YOUR OBJECTIVE ▸ Wherever pictures appear in the listing below, leave them out, and copy exactly, and only, everything from the line with "Musk: 5 Yıla Robotlar Cerrahları Geçecek" down to the line with "Toyota Aygo - 1.0-12V".

THE DATA ▸
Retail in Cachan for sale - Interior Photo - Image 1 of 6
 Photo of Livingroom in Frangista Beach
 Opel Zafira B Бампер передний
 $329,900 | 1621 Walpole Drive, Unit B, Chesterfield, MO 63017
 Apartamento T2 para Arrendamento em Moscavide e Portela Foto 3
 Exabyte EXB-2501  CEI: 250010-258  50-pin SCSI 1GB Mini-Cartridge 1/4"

---

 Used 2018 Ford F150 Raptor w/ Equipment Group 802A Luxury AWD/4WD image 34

...

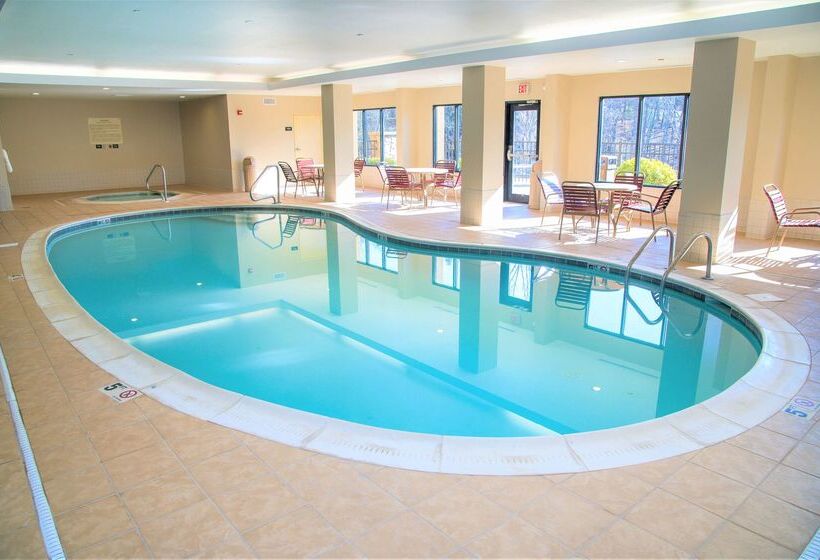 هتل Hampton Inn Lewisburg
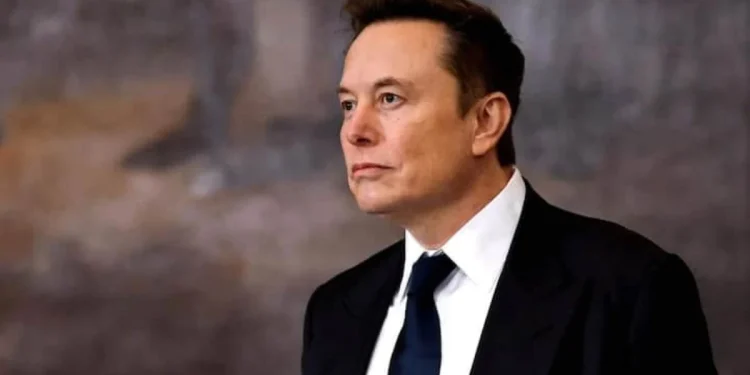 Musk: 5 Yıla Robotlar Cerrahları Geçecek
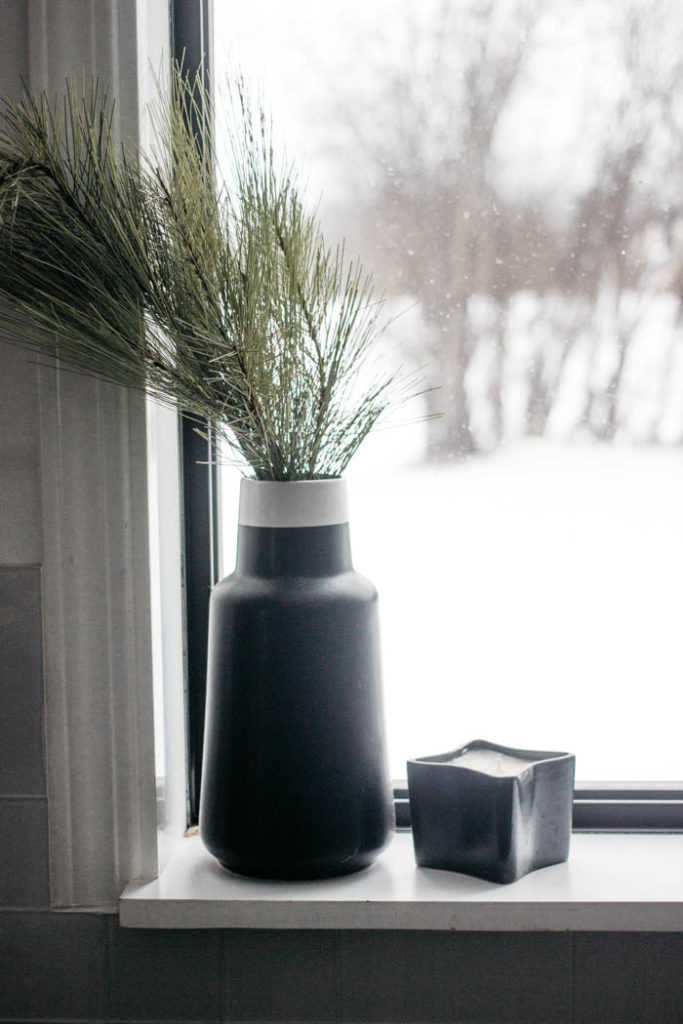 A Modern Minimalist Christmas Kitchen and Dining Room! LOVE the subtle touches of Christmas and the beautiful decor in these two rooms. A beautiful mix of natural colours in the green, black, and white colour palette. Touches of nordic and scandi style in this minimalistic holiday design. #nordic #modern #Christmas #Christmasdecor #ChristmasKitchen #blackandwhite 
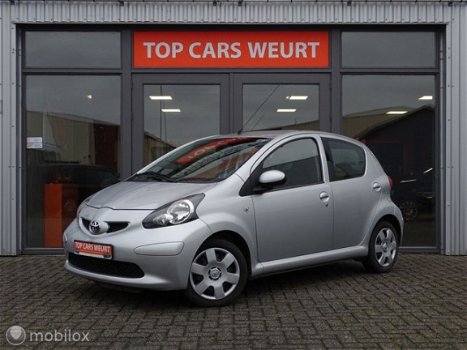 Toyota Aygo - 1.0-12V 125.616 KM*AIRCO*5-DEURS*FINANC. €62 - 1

FINISHED EXERCISE ▸
 Musk: 5 Yıla Robotlar Cerrahları Geçecek
 A Modern Minimalist Christmas Kitchen and Dining Room! LOVE the subtle touches of Christmas and the beautiful decor in these two rooms. A beautiful mix of natural colours in the green, black, and white colour palette. Touches of nordic and scandi style in this minimalistic holiday design. #nordic #modern #Christmas #Christmasdecor #ChristmasKitchen #blackandwhite 
 Toyota Aygo - 1.0-12V 125.616 KM*AIRCO*5-DEURS*FINANC. €62 - 1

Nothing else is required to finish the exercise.